Он приподнял шляпу с подчеркнутой вежливостью и поехал по дороге дальше.
Амос Грин колебался несколько минут, потом вскочил на коня и стал догонять своего спутника. Но тот все еще находился не в духе и ехал не оборачиваясь и не удостаивая приятеля ни взглядом, ни словом. Внезапно во мраке он увидел что-то, заставившее его улыбнуться. Вдали, среди двух групп темных деревьев, замелькало множество блестящих желтых точек, скученных, словно цветы на клумбе. То были огни Парижа.
— Смотрите! — крикнул он. — Вот город и где-нибудь тут вблизи и сен-жерменская дорога. Мы отправимся по ней, чтобы избегнуть всякой опасности.
— Прекрасно. Но не следует ехать слишком быстро, ведь подпруга может лопнуть каждую минуту.
— Нет, двигайтесь поскорее; конец нашего путешествия близок. Сен-жерменская дорога начинается как раз за поворотом, и путь будет нам виден, а огни Парижа послужат нам маяками.
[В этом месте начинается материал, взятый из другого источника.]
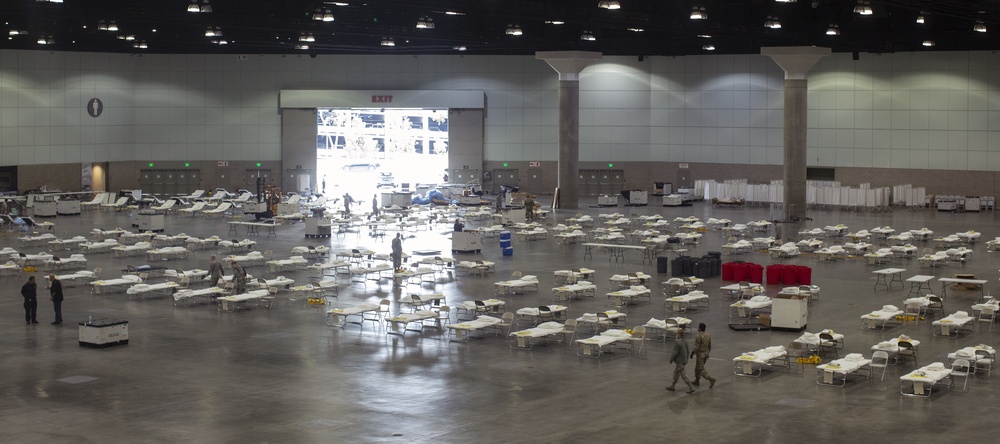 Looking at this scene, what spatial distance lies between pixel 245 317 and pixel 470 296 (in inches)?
276

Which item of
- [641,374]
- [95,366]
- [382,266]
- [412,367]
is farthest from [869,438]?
[382,266]

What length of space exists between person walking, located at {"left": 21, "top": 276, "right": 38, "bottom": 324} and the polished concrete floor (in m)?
0.38

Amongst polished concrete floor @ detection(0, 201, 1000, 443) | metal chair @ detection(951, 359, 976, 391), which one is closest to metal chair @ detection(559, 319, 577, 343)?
polished concrete floor @ detection(0, 201, 1000, 443)

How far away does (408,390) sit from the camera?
23.6 m

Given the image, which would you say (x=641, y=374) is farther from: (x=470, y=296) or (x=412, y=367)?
(x=470, y=296)

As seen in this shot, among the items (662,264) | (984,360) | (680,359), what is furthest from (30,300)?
(984,360)

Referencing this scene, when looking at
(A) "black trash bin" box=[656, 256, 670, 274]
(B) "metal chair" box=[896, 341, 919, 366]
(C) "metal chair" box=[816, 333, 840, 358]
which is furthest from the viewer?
Result: (A) "black trash bin" box=[656, 256, 670, 274]

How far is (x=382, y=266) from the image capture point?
Result: 4062cm

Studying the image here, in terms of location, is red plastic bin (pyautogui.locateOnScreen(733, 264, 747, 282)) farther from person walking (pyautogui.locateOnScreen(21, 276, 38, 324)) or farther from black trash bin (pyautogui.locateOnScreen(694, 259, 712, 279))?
person walking (pyautogui.locateOnScreen(21, 276, 38, 324))

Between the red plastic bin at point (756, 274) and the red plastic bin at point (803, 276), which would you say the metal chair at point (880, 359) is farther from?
the red plastic bin at point (756, 274)

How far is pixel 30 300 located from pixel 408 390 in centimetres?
1307

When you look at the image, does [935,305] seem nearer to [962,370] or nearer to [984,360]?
[984,360]

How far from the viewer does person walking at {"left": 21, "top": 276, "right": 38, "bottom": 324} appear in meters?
30.8

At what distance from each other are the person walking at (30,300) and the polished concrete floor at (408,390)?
383 mm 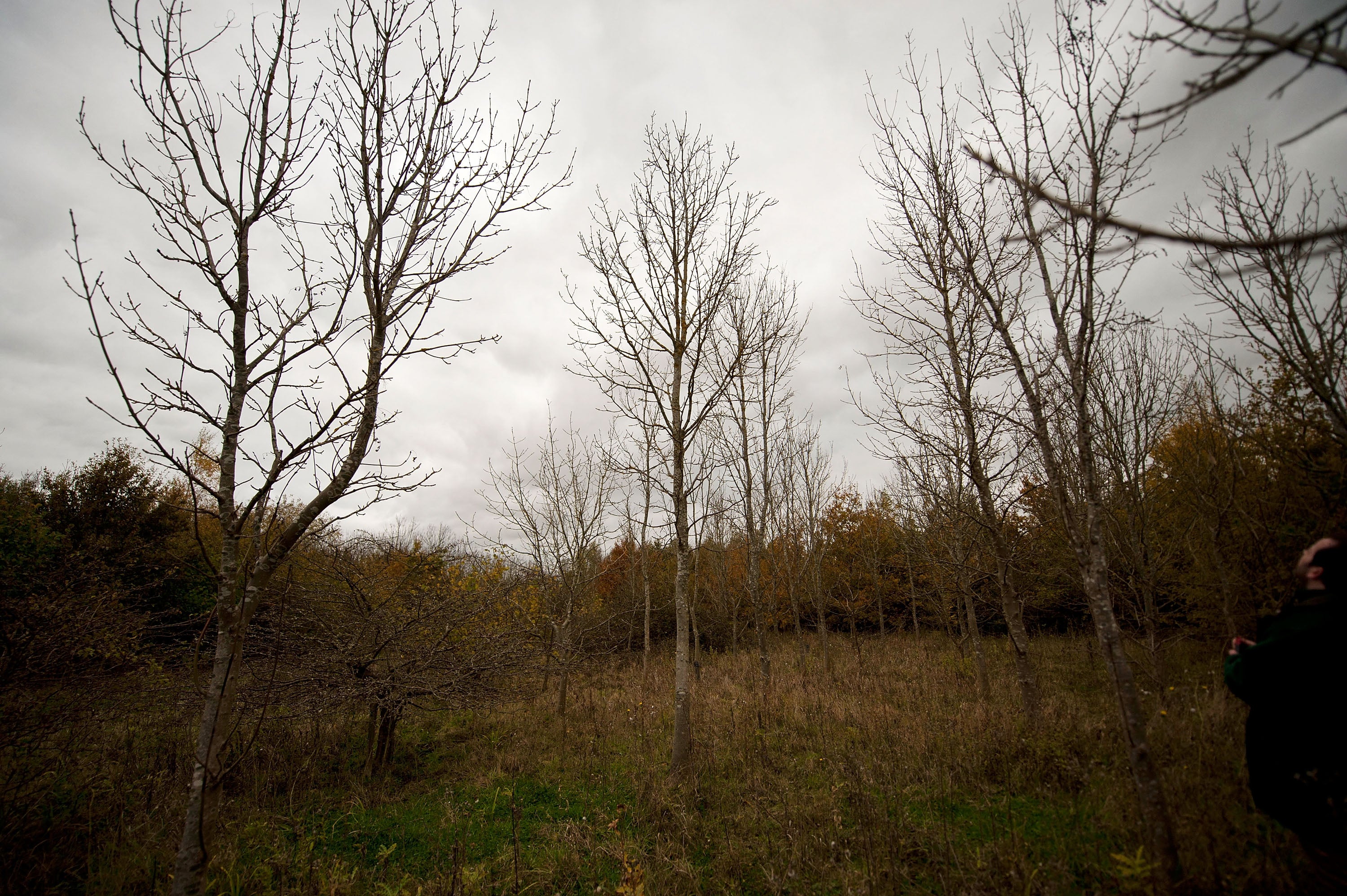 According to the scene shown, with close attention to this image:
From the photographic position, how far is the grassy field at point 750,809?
3723 millimetres

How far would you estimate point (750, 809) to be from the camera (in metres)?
5.31

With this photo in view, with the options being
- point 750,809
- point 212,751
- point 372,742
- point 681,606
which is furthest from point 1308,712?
point 372,742

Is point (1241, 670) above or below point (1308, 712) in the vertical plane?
above

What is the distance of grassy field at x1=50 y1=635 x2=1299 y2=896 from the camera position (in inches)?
147

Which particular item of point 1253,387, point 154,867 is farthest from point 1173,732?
point 154,867

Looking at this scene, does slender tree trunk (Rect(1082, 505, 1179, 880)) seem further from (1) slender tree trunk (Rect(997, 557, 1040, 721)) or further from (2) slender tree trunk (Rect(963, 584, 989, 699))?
(2) slender tree trunk (Rect(963, 584, 989, 699))

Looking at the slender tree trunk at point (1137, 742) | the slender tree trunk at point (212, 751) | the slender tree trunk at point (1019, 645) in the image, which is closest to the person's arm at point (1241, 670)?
the slender tree trunk at point (1137, 742)

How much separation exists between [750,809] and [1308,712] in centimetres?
449

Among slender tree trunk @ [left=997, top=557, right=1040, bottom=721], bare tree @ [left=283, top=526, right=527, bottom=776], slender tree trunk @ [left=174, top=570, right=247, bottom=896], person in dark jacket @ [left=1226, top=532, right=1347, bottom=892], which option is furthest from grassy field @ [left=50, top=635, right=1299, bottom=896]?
slender tree trunk @ [left=174, top=570, right=247, bottom=896]

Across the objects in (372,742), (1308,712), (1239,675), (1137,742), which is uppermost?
(1239,675)

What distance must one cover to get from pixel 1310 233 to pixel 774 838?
18.4 feet

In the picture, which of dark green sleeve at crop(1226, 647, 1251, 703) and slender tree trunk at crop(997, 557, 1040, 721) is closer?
dark green sleeve at crop(1226, 647, 1251, 703)

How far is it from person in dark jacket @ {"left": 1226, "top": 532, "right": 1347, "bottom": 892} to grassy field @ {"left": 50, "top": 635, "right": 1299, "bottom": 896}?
55 cm

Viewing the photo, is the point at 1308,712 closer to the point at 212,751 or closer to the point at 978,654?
the point at 212,751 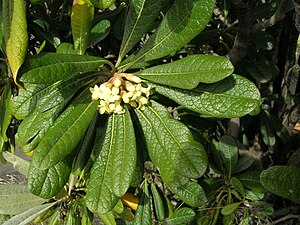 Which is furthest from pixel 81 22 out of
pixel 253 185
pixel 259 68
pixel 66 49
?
pixel 253 185

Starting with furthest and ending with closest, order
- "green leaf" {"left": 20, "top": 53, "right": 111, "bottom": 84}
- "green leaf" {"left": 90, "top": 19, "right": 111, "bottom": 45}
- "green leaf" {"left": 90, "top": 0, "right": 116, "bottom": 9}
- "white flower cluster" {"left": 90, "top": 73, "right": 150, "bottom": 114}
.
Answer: "green leaf" {"left": 90, "top": 19, "right": 111, "bottom": 45} → "white flower cluster" {"left": 90, "top": 73, "right": 150, "bottom": 114} → "green leaf" {"left": 20, "top": 53, "right": 111, "bottom": 84} → "green leaf" {"left": 90, "top": 0, "right": 116, "bottom": 9}

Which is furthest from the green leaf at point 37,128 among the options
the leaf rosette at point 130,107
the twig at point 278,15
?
the twig at point 278,15

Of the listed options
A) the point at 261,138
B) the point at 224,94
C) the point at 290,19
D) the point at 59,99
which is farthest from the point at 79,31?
the point at 261,138

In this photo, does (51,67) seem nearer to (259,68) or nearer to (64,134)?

Де Катина ударил лошадь хлыстом, и они галопом обогнули угол дороги. Но в следующее же мгновение оба всадника лежали среди кучи подымавшихся голов и лошадиных копыт, — капитан, наполовину придавленный туловищем своего коня, товарищ же его, отброшенный в сторону шагов на двадцать, лежал безмолвный и неподвижный посреди дороги.
XVI
ЗАСАДА [4]
Г-н де Вивонн искусно устроил засаду. В карете с шайкой отчаянных головорезов он выехал из дворца получасом раньше гонцов короля и с помощью золотых монет, данных ему щедрой сестрой, принял меры, чтобы де Катина и Грин не могли скакать быстро. Достигнув разветвления дороги, он приказал кучеру проехать еще немного вперед и привязать к изгороди лошадей. Потом поставил одного из своих сообщников сторожить главную дорогу и сигнализировать огнем о приближении королевских посланных.
Толстой веревкой перетянул дорогу на высоте семнадцати дюймов от земли и привязал одним концом за ствол дерева, стоявшего у одного края; другой же конец привязал к дереву на противоположной стороне. Всадникам трудно было разглядеть веревку, находившуюся на самом закруглении дороги, и благодаря этому лошади их, запнувшись, тяжело рухнули наземь, увлекая за собою и седоков. Моментально дюжина негодяев, прятавшихся в тени деревьев, бросилась на упавших со шпагами в руках. Но жертвы лежали неподвижно. Де Катина тяжело дышал, одна нога его была придавлена головой лошади; кровь текла тонкой струей по бледному лицу и сочилась капля за каплей, падая на серебряные эполеты. Амос Грин не был ранен, но испорченная подпруга лопнула, и он, вылетев из седла, грохнулся на жесткую дорогу с такой силой, что теперь лежал, не подавая признаков жизни.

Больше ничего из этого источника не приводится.